BEGIN Information provided
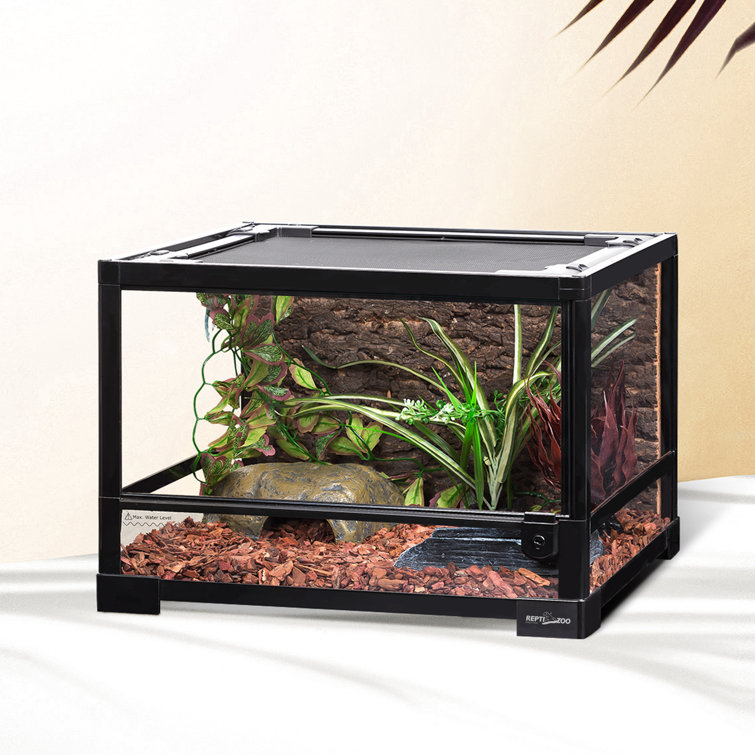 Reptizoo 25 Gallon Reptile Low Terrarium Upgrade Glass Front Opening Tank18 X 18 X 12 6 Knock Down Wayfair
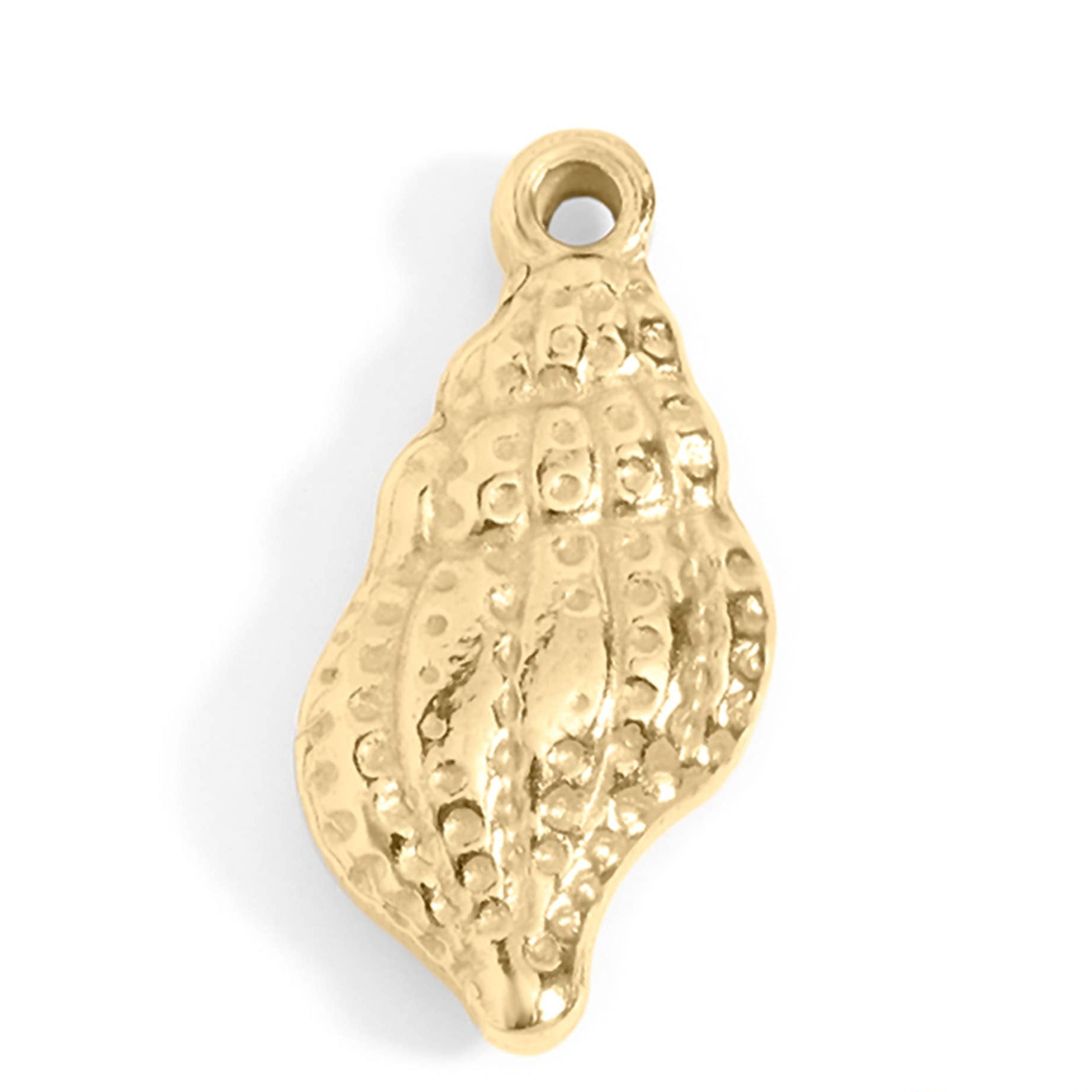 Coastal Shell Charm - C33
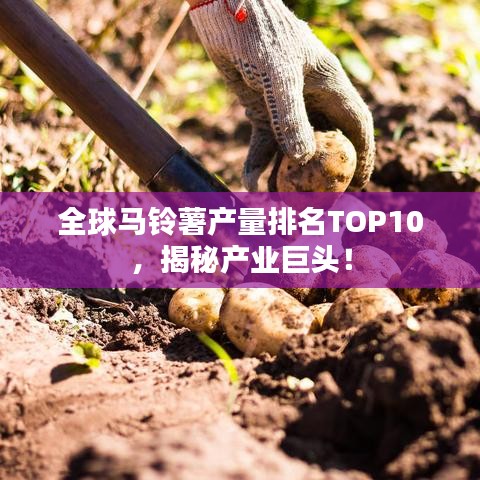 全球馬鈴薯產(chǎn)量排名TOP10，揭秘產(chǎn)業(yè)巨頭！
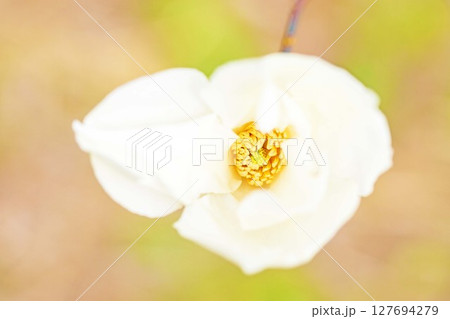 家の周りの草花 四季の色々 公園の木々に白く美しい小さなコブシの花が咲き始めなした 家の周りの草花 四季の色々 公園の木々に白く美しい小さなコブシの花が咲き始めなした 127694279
END Information provided
-- Exercise directions --
All that is required is an exact reproduction of the lines from the one containing "Coastal Shell Charm - C33" to the final line of the listing above, pictures omitted.

-- Reply to the task --
 Coastal Shell Charm - C33
 全球馬鈴薯產(chǎn)量排名TOP10，揭秘產(chǎn)業(yè)巨頭！
 家の周りの草花 四季の色々 公園の木々に白く美しい小さなコブシの花が咲き始めなした 家の周りの草花 四季の色々 公園の木々に白く美しい小さなコブシの花が咲き始めなした 127694279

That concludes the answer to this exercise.